- [What to work on] Go to the line with "İran hızlı toparlandı..." in the records below, then output it and each following line exactly, up to and including the line with "Захисна плівка StatusSKIN для Honor X6a". Skip pictures and add nothing.
======== Given information ========
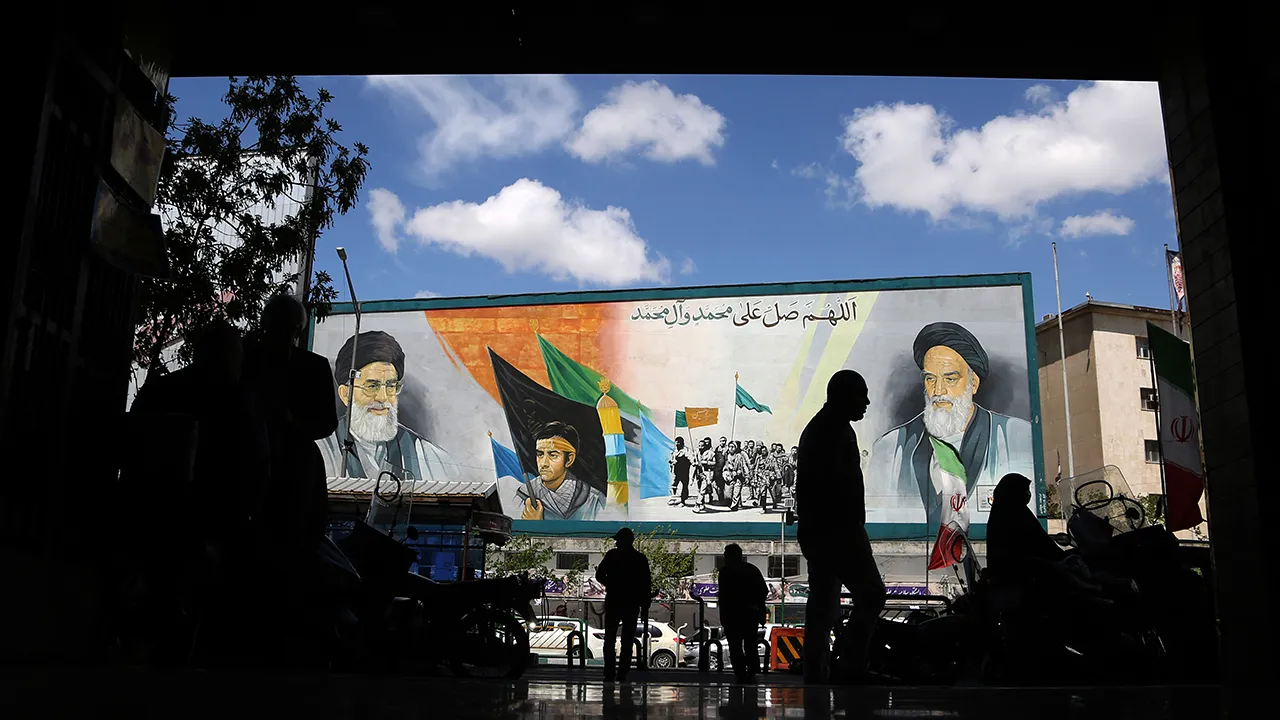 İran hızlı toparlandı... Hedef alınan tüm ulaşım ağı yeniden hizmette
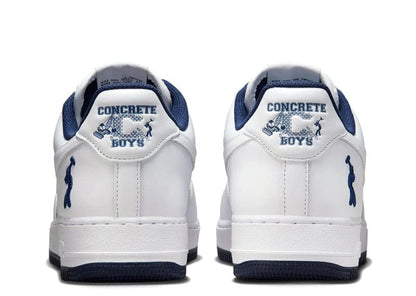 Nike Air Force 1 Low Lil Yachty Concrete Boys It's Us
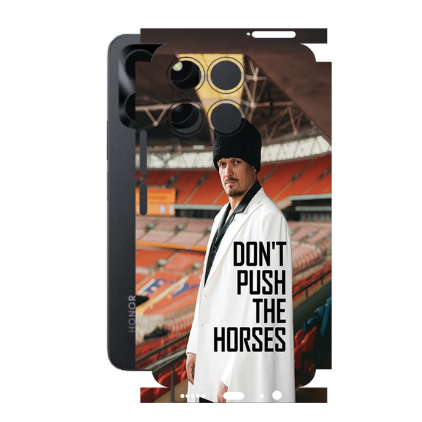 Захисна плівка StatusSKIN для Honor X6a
========
======== Given information ========
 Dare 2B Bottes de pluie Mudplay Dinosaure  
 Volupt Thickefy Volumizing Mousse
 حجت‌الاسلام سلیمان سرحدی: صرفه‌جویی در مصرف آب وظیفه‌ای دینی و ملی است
========
- [Solution to the problem]
 İran hızlı toparlandı... Hedef alınan tüm ulaşım ağı yeniden hizmette
 Nike Air Force 1 Low Lil Yachty Concrete Boys It's Us
 Захисна плівка StatusSKIN для Honor X6a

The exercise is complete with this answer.